Rebuilding Place in the Urban Space

"A community’s physical form, rather than its land uses, is its most intrinsic and enduring characteristic." [Katz, EPA] This blog focuses on place and placemaking and all that makes it work--historic preservation, urban design, transportation, asset-based community development, arts & cultural development, commercial district revitalization, tourism & destination development, and quality of life advocacy--along with doses of civic engagement and good governance watchdogging.

Wednesday, September 27, 2006

Unholy alliances: The Growth Machine, simple-minded leftist folks, and the Comprehensive Plan

From an e-conversation (slightly edited), based in part on yesterday's 8 hours of testimony at the City Council hearing on Comprehensive Plan revision and whether or not to go forward:

I'm amazed at how cavalier people are about quality. What's worse is that people who do care about quality and who have a certain amount of integrity -- i.e. who believe that you don't pass judgment till you read and understand the whole document, that you need to think beyond your pet project/issue, that you don't settle for rhetoric when what you want is reform, that you don't ask people who don't know squat to weigh in -- are really at a disadvantage.

This unholy alliance between lefty single-issue advocacy groups and the growth machine has me somewhat taken aback.
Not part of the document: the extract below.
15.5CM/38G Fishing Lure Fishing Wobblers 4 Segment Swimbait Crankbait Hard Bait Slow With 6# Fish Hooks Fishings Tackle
I understand the Smart Growth-developer alliance, but why does someone like (name withheld) (for whom I have a great deal of respect) support adoption of a plan that, in practice, is more likely to provide discount luxury condos to law students than decent Section 8 housing for poor people and that, on top of that, represents the same twisted priorities when the baseball stadium was at issue? I suspect that the answer is that s/he doesn't understand planning. But, geez, if you don't understand, get out of the way. Sometimes I think that the non-profit world is so insular and that they face such obstacles that they can be very easily bought/manipulated.


My response:

The unholy alliance comes out of a misplaced sense and understanding of "social justice" and the ability of people with power to manipulate people with concern. As Gang of Four say in the song "Is it Love?":

The men who own the city
Make more sense than we do
Their actions are clear
Their lives are unknown.

I was talking about this broad issue of cynical manipulation by the Growth Machine yesterday because a Phd student at GWU is doing his dissertation on what he calls the "Constitutent Landscape" and the shift in the planning regime in DC (1950) to include consideration about residents instead of only being concerned about the federal presence. In particular he looks at the preservation movement. The only chapter I read (he did a presentation yesterday) is on the preservation piece.
14255
He quotes from Gillette, Between Justice and Beauty: Race, Planning, and the Failure of Urban Policy in Washington, D.C., (which I have not yet read) about the tension between "social justice" and "beauty" in DC. Gillette terms the federal presence being focused on beauty and the quality of the built environment, and the justice movement concerned with bringing about "social justice for the district's largely black population."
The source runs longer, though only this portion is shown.